Even amid the GOP wave of 2010, Malloy beat his Republican opponent Tom Foley by just 6,400 votes. Foley opted to give a gubernatorial run another shot in 2014, setting up a virtual repeat but without the national conditions which led votes to send a wave of Republicans into political office. Before this race began in earnest, many believed Malloy would repeat that victory and may even improve on his margin of victory.
National commentators believed the new restrictions on gun ownership Malloy imposed in the wake of his state’s nightmarish experience at a Newtown elementary school to be a pure good.

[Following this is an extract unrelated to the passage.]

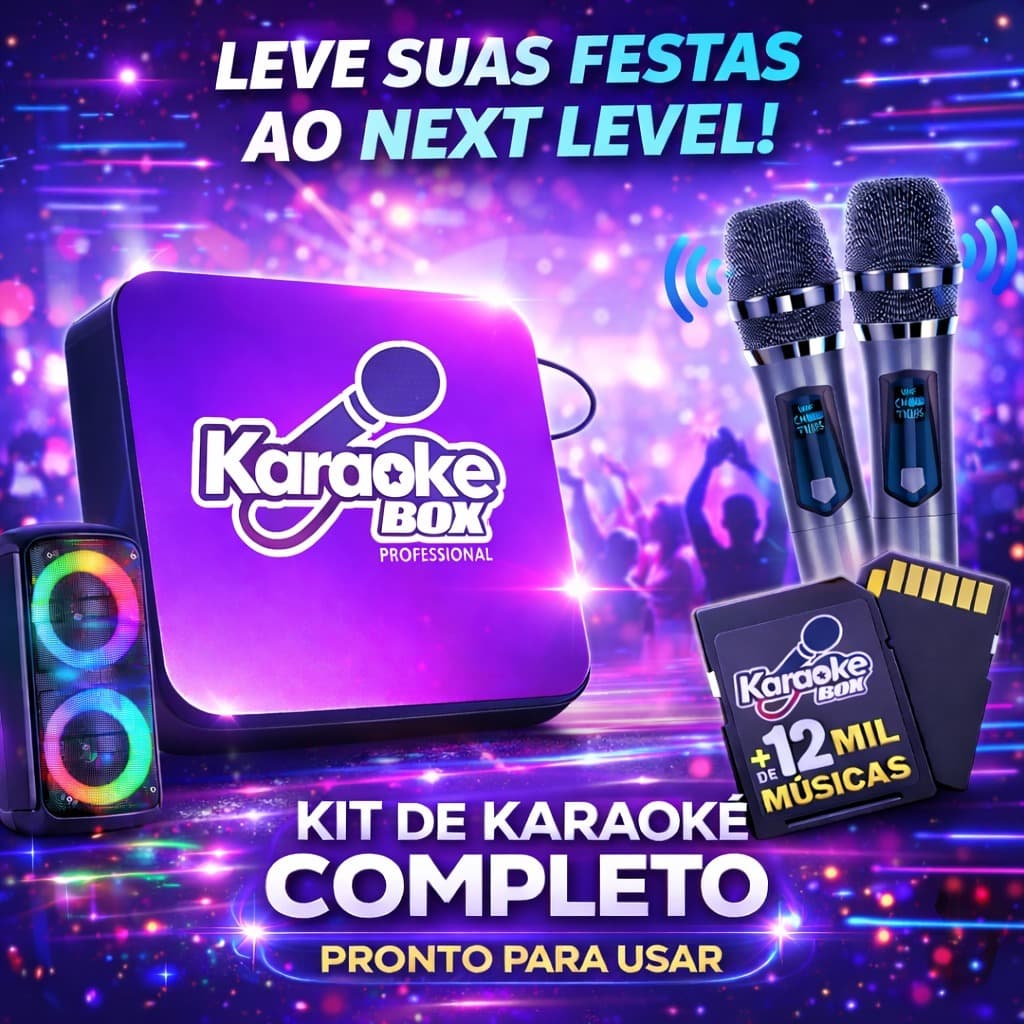 Karaoke Box Com 12mil Músicas Com Pontuação Jukebox versão 2026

Few believed it would be a major issue in the election, let alone one which would lead New England voters to recall their incumbent Democratic governor. The political class may prove to be shocked in November.
At the first gubernatorial debate of the season in the Nutmeg State, The Wall Street Journal reported, guns took center stage:
Gun control has emerged as a major campaign issue, with Mr. Foley criticizing firearms restrictions the governor signed into law in 2013 in response to the deadly school shooting in Newtown. The package included universal background checks, a ban on sales of ammunition magazines with 10 or more rounds and a ban on the sale of certain types of firearms the state defines as “assault weapons.”

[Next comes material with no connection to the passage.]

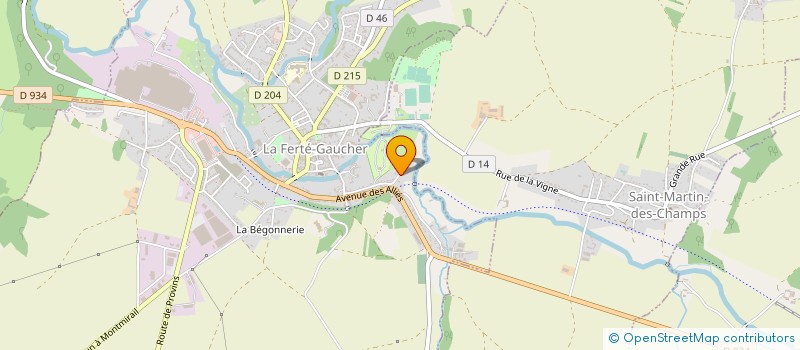 localisation de l'entreprise ADE RENOV  LA FERTE-GAUCHER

The changes, Mr. Malloy said, have contributed to a declining statewide homicide rate: “I believe what we have done has made Connecticut safer.”
Mr. Foley countered that violent-crime rates were falling across the U.S., adding that the new laws inconvenience gun owners and wouldn’t prevent another mass shooting. “This was so overreaching that it went way, way beyond in what I think would have been an appropriate response to Newtown,” said Mr. Foley, an ex-ambassador to Ireland and former private-equity manager. “It’s not good leadership. It’s grandstanding.”

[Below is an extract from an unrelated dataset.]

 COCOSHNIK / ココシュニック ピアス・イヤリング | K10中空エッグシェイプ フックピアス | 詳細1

The situation looks grim for Malloy. The race is not widely polled, but the two public polls taken in Connecticut in late July and August both show Foley leading the incumbent by 7 points.
Foley has not embraced a laissez-faire approach to the Second Amendment – his hedging on the issue of gun ownership rights has become a major issue for a tea party gubernatorial candidate running to the right of both Foley and Malloy on guns. It is, however, fascinating that a state where a grotesque mass shooting became the impetus for a nationwide push for new gun laws may become the state that also starts to reverse them.
This post has been updated since its original publication.